Midge Ure has provided items for the exhibition. Picture: Neil Hanna Photography.
Midge Ure has provided items for the exhibition. Picture: Neil Hanna Photography.

An exhibition telling the tale of Scottish pop music over the past 50 years will strike a chord next summer.

Rip it Up will take in diverse movements from dancehall to the emergence of pop in an explosion of colour in the 60s, through the 70s and New Wave.

The exhibition, which will be at the National Museum of Scotland, will feature clothes, photographs, instruments, memorabilia, props, film and music, as well as interviews and archive footage collated in partnership with BBC Scotland.

Artists and bands to be featured in the exhibition will include Gerry Rafferty, Lulu and Franz Ferdinand.

A three-part BBC TV series along with digital and radio content will bring the story to life through the voices of those who made the music, those who witnessed it from behind the scenes, and the fans who lived for it.

Midge Ure, who is lending items to the exhibition including material related to both Live Aid and hit single Vienna, said: “For its size, Scotland really punches above its weight in terms of the global artists it has produced. With the recent interest in museum exhibitions like those about David Bowie and Pink Floyd, I think it’s right that Scotland should showcase its own achievements like this. Although, I never thought I’d see that day that I’d become a museum exhibit myself.”

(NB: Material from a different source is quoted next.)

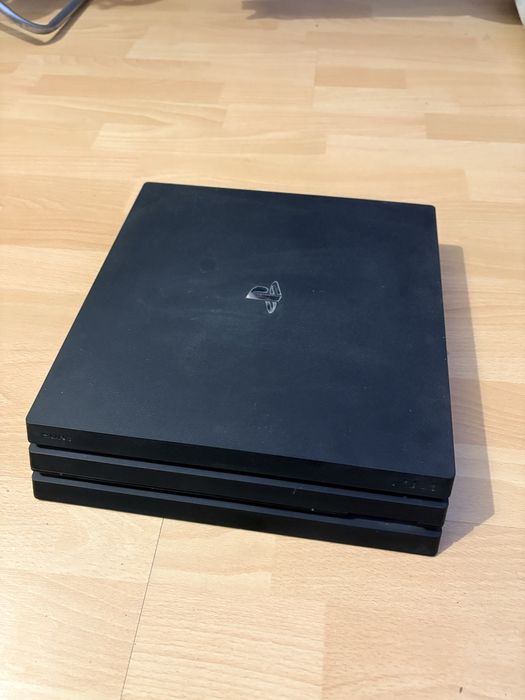 PS4 Pro z jednym kontrolerem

Stephen Allen, exhibition curator said: “Popular music is a shared experience, and a really important one in many people’s lives. Whether it’s a gig that a teenager went to a week ago or forty years ago or a song they hear for the first time, a lot of the underlying emotions and reactions are the same. We want the exhibition to capture and reflect that in the atmosphere and the experience, to look at it from both a Scottish and wider perspective and, crucially, to put the music and the people who made it centre stage. I’m sure it’ll generate a huge amount of lively debate and discussion.”